Dates De mi-décembre à début mars
Tarifs 700 fr. la journée (2 pers. max. par guide)
Le + Variété d’approches, spectaculaire, adrénaline

Bureau des guides de Leysin
Tél. 024 494 18 46
www.guideservice.ch

Cascade des gorges de Court (BE)

Toutes proches de Moutier, creusées par la Birse, les gorges de Court représentent un eldorado pour les grimpeurs. Pas moins de neuf cascades offrent des possibilités d’escalade. Lors des grands frimas, elles deviennent praticables. Les habitués qui les fréquentent les ont baptisées avec des noms pour le moins cocasses: "le dîner de cons", "le cadeau éphémère", "la cascade de l’escalier". Leur caractéristique commune se résume dans leur hauteur raisonnable et dans la variété des approches.

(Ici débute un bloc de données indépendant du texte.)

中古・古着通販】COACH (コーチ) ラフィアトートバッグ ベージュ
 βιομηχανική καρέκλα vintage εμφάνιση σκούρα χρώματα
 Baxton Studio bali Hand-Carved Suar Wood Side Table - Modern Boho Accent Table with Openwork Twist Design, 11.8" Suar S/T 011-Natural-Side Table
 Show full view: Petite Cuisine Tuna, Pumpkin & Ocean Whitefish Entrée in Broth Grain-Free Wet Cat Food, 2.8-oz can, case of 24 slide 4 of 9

Dates De décembre à février, principalement par grand froid
Tarifs Jusqu'à 4 pers.: demi-journée 350 fr., journée 500 fr.
Le + Variété de parcours, hauteur relativement modeste

Nicolas Zambetti, guide de montagne
Tél. 078 741 17 99
www.nicolaszambetti.ch

Cascade des gorges du Pichoux, Sornetan (BE)

Dans les gorges du Pichoux, à la frontière des cantons du Jura et de Berne, les collines jurassiennes sauvages se révèlent dans leur splendeur hivernale. En amont de ces gorges, une série de cascades déploient leurs charmes. Facile d’accès, la cascade du pilier du Forgeron, située en aval, au nord d’Undervelier, est un site d’initiation très apprécié des grimpeurs. Mais les grimpeurs chevronnés lui préfèrent les hauteurs du lac Vert, où s’élèvent, par grand froid, de hauts murs de glaçons brillant de mille feux.

Dates De décembre à février, principalement par grand froid
Tarifs Jusqu'à 4 pers.: demi-journée 350 fr., journée 500 fr.
Le + Ensoleillé, site naturel grandiose

Nicolas Zambetti, guide de montagne
Tél. 078 741 17 99
www.nicolaszambetti.ch

Initiation sur torrent gelé

Il existe un joli torrent classique, pour initiation, qui se nomme "Cheneau de l'envers" au-dessus de Cortébert dans le vallon de Saint-Imier (BE). Il fait 300 m de dénivellation avec plein de petits ressauts faciles.